The advantage of CSS is that it can be used at varying levels of specificity. For example, you can put all your styles into a separate file, and link to that file from your Web page. That way, if you want to change the appearance of your site, you can simply edit your CSS file and make changes that span every page that links to your style sheet. Or, if you prefer, you can include styles at the top of your page so that they apply only to that page. You can include styles inside the tags themselves using the style attribute (which I'll discuss later).
You can also control the specificity of the styles you create based on how you define them. For example, you can write rules that apply to all tags of a specific type, such as all <h1> elements. Or you can specify classes for your elements and then write rules that apply only to members of that class. For example, you could create a class called headline and then make all <h1> elements in the headline class red. You can also write rules that apply to specific elements by assigning them a particular identifier and writing rules that apply to that identifier.
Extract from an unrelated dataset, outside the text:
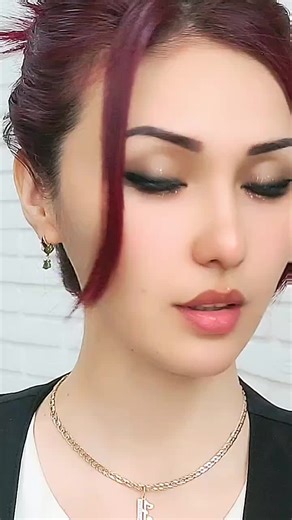 Stylish Gold Chain Necklace and Fashion Tips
One thing you'll find as you progress through the book is that CSS can serve as a replacement for many common tags. As I describe various tags, I'll explain how the same effects can be achieved using CSS instead. Generally, the flexibility of CSS makes it preferable to using regular HTML tags for just about anything. The coverage of CSS in this book culminates with Day 9, "Creating Layouts with CSS," which explains how to use CSS to manage the entire layout of the page, or even the entire layout of a site.
Including Styles in Tags
You've already seen how HTML pages are created using tags. I want to stop briefly and discuss attributes as well. An attribute is an additional bit of information that somehow affects the behavior of a tag. Attributes are included inside the opening tag in a pair. Here's an example:
<tag attribute="value">
Some attributes can be used with nearly any tag; others are highly specific. One attribute that can be used with nearly any tag is style. By including the style attribute in a tag, you can include one or more style declarations within a tag itself. Here's an example using the <h1> tag, which I introduced earlier:
<h1 style="font-family: Verdana, sans-serif">Heading</h1>
The style attribute of the <h1> tag contains a style declaration. All style declarations follow this same basic pattern, with the property on the left and the value associated with that property on the right. In the preceding example, the property is font-family, and the value is Verdana, sans-serif. This attribute modifies the standard <h1> tag by changing the font to Verdana, and if the user doesn't have that font installed on his system, whichever sans-serif font the browser selects. (Sans-serif fonts are those that do not include serifs, the small lines at the ends of characters.)
There are many, many properties that can be used in style declarations. As I've already said, putting a declaration into a style attribute is just one of several ways that you can apply styles to your document.